It should be noted that size directives also can be used as integer
variables. Because the protocol has been flattened out, there is a
simple linear progression through both the normal variables and size
variables.


Measurable Results

It should be noted that SPIKE has been under development for over a
year, and during that time has discovered literally dozens of new
vulnerabilities, some of which have been DCE-RPC vulnerabilities. This
is important in retrospect only because the efficacy of a block-based
strategy for protocol modeling and fuzzing is hard to measure. It may
be measurable only subjectively, in terms of the "ease-of-use" aspects
for creating a new protocol modeler, and finding a new
vulnerability. What few concrete measurements can be taken are the
result of finding remote vulnerabilities in services which are known
to be vulnerable, but for which the particulars of the vulnerabilities
are unknown. The abilities of the fuzzing framework can then be tested
as the time-spent, versus ability to discover the vulnerability. In
many cases, more than one vulnerability is discovered.

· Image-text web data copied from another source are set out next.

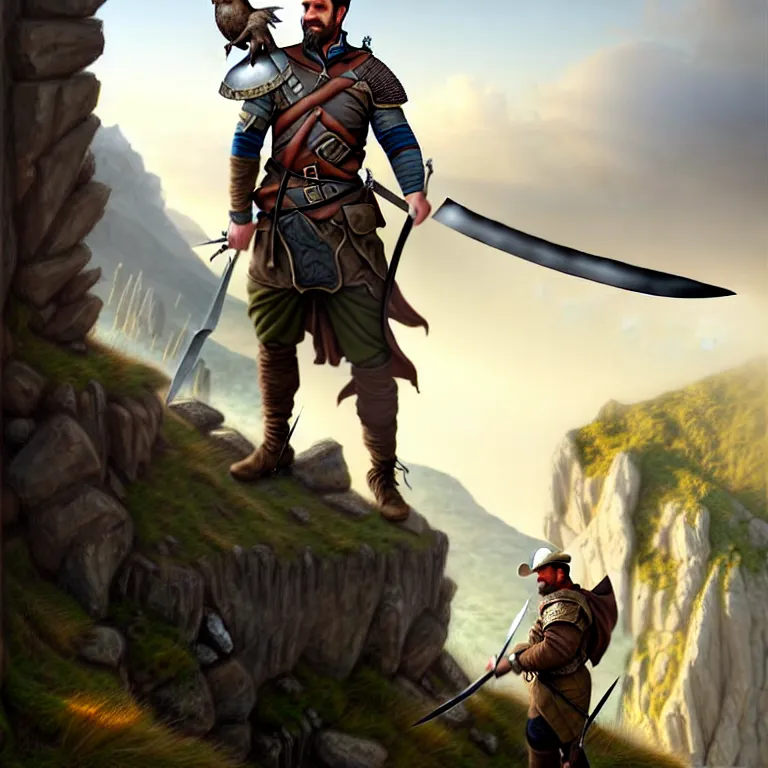 Prompt: middle age ranger with rugged expressions falcon pet on his shoulder holding a long sword, top a cliff observing old ruins of a castle, elegant clothing, photorealistic render, matte painting, highly detailed, artstation, smooth, sharp focus, art by, artgerm, greg rutkowski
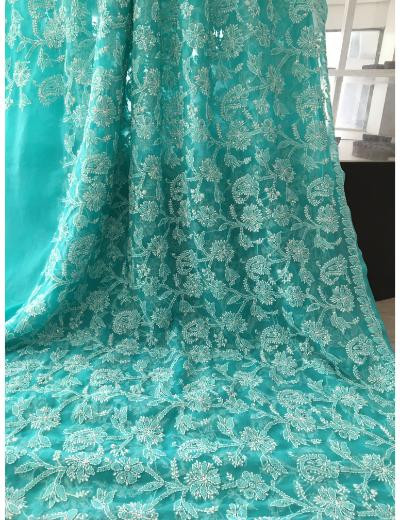 Chhangamal Hand Embroidered Green Colour Georgette Chikankari Saree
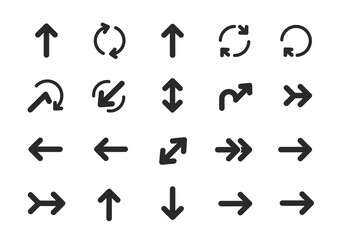 An array of 20 black arrow icons with diverse directions and styles arranged in a neat rectangular grid on a white background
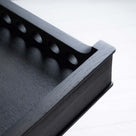  Corner Design Closeup of Ready Steady Tray Table, Coal Black - NiX Furniture 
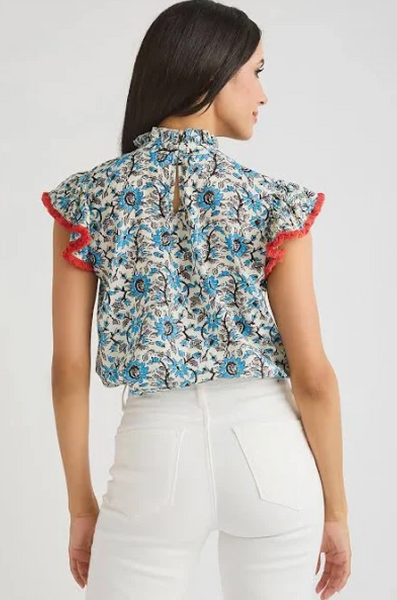 THML FRINGE SLEEVE HIGH NECK TOP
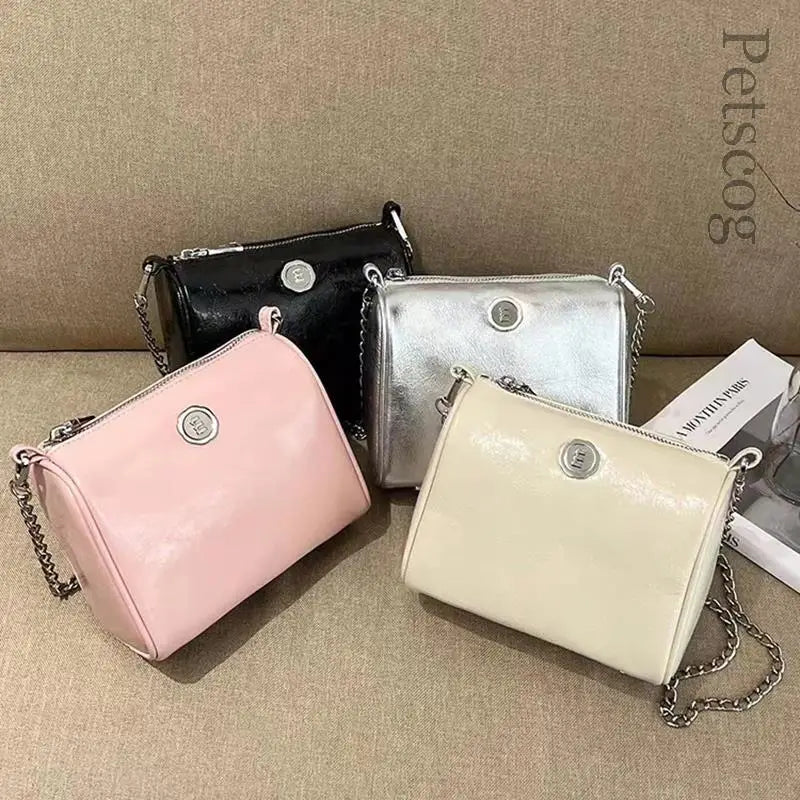 Y2K Silver Leather Mini Crossbody Bags For Women 2023 Luxury Brand Handbags And Purses Female Chain Pillow Cross Body Bag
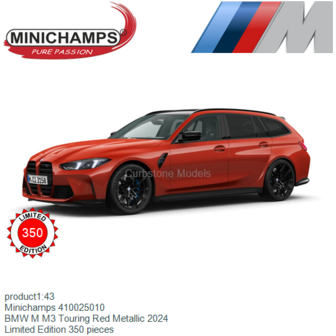 product1:43 | Minichamps 410025010 | BMW M M3 Touring Red Metallic 2024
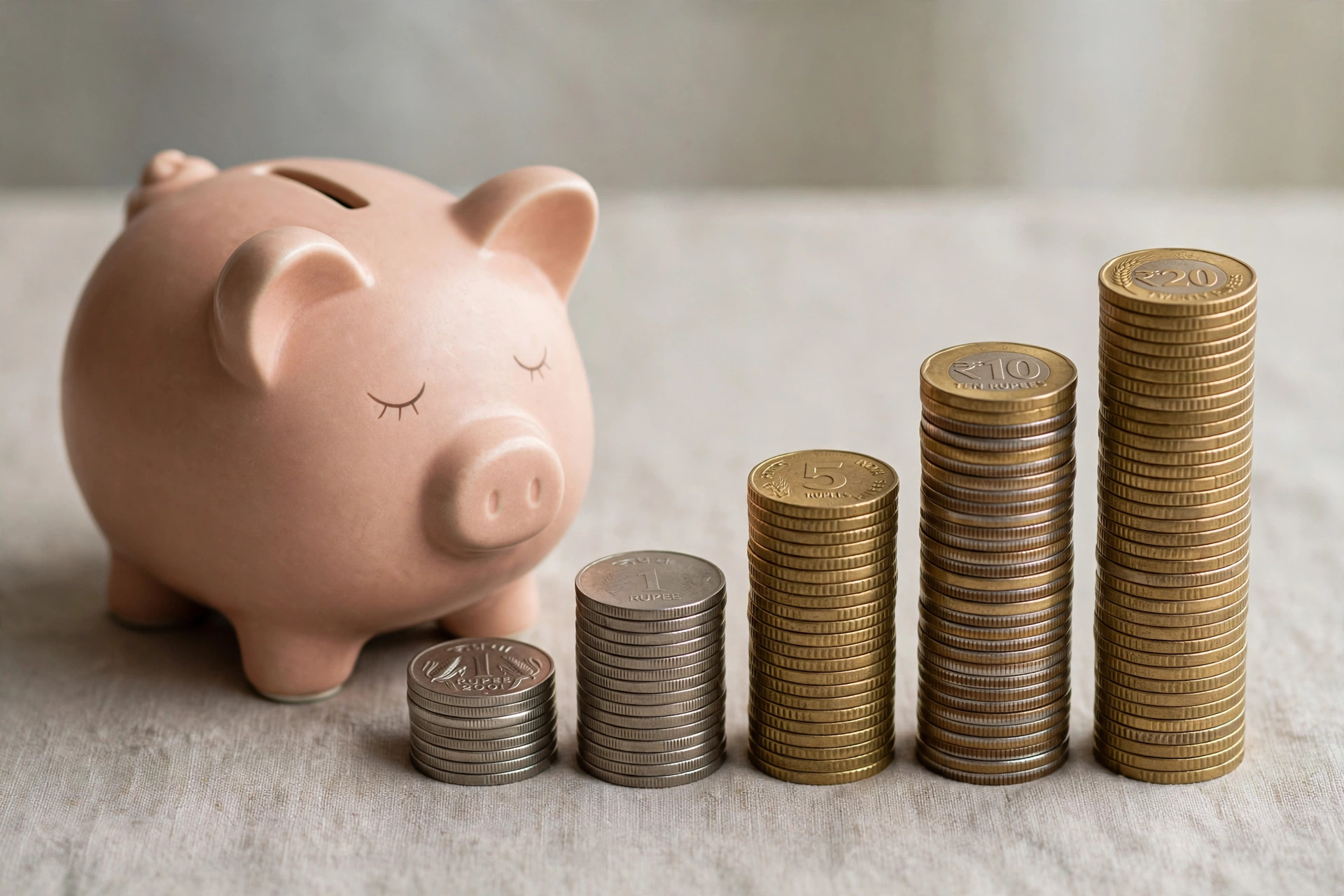 Piggy bank with Indian rupee coins symbolizing retirement savings growth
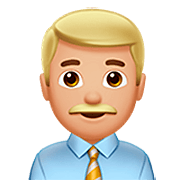 Emoji 👨🏼‍💼 Impiegato: Carnagione Abbastanza Chiara su Apple iOS 16.4.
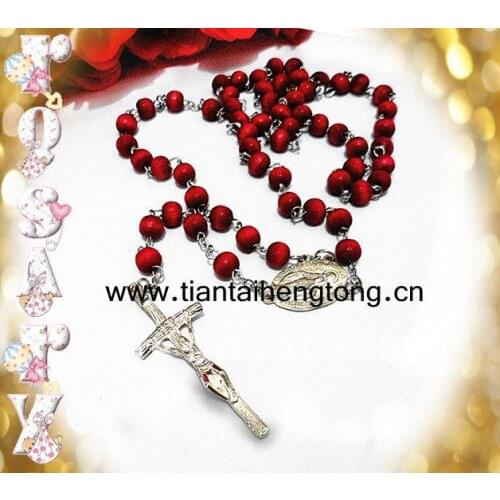 Red wooden bead rosary necklace/religious rosary necklace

For the purposes of this paper, a DCE-RPC over named pipes fuzzer was
built into SPIKE version 2.8 to attempt to locate the RPC Locator
exploit (described in MS-03-01). Building Netbios+SMB+DCE-RPC into
SPIKE was simplified by the fact that SPIKE 2.7 already had
incorporated some DCE-RPC functionality. The process of building a new
protocol into SPIKE typically incorporates any knowledge about the
protocol that can be gleaned from common protocol dissectors such as
Ethereal, and in this case, both Netmon and Ethereal have quite full
descriptions of SMB and DCE-RPC.

Nevertheless, it is SPIKE's unique block data structure that allowed a
reasonably complete DCE-RPC over SMB over Netbios stack to be
completed within one day, and debugged over the next few days. SPIKE's
RPC fuzzers now include (as of version 2.8) a SunRPC fuzzer, a DCE-RPC
fuzzer, and a DCE-RPC over named pipes fuzzer. Each of these works in
a similar fashion: they bind to and then communicate with a remote RPC
service, sending random numbers of random but valid data types as the
parameters to a function call. These data types are chosen to both
pass through any demarshalling routines on the remote end, and attempt
to overflow the function handler.

For example, in hindsight, the Microsoft RPC Locator service will
properly demarshall the following SPIKE code and overflow:

s_intelword(0x03); /*must be 0x03*/
s_intelword(rand()); /*can be anything*/
//next a long string in the form of "/.../<string>/"        
s_msunistring("/.../AAAAAAAAA......AAAA/");
for (i=0; i<13; i++)
   s_intelword(0x00); 
/* the final padding words can be anything, but zeros work best.*/

Most programs running DCE-RPC in Windows 2000 or later are compiled
with a specific option which will reject any request that does not
demarshall correctly. Thus, is it imperative first to pass the
demarshalling tests, and then to pass any application-layer tests,
before finally reaching vulnerable code with a long
string. s_msunistring() handles the four-byte alignment of the Unicode
string automatically.

SPIKE's DCE-RPC fuzzer includes fifteen data types which it will
randomly append as parameters. The intel-ordered integer values of
1,2,3 each merits their own slot in the random variable switch
statement, as does one, two, and three words of
zeros. s_msunistring(s_get_random_fuzzstring()); is also used to pick
a random string from the entire global set of fuzz strings and then
place it in the data as a Microsoft Unicode string type. If this
string is of the proper format ("/.../AAAAAA") and all the other
variables are correct, and there are no extra variables, then the
Locator service will process it and overflow. Finding the proper
format to trigger an overflow is a matter of reading any available
documentation on the service being fuzzed, and adding any interesting
strings from that documentation to the global fuzz string list. The
strings "/.../" and "/.:/" are often present in documentation and
examples relating to the locator service. For other information about
the functionality of a given RPC service, it is often only necessary
to view a function's definition. In the case of the Locator service,
the RpcNsStringBindingLookupBegin() function takes in roughly the
arguments the vulnerability needs to demarshall.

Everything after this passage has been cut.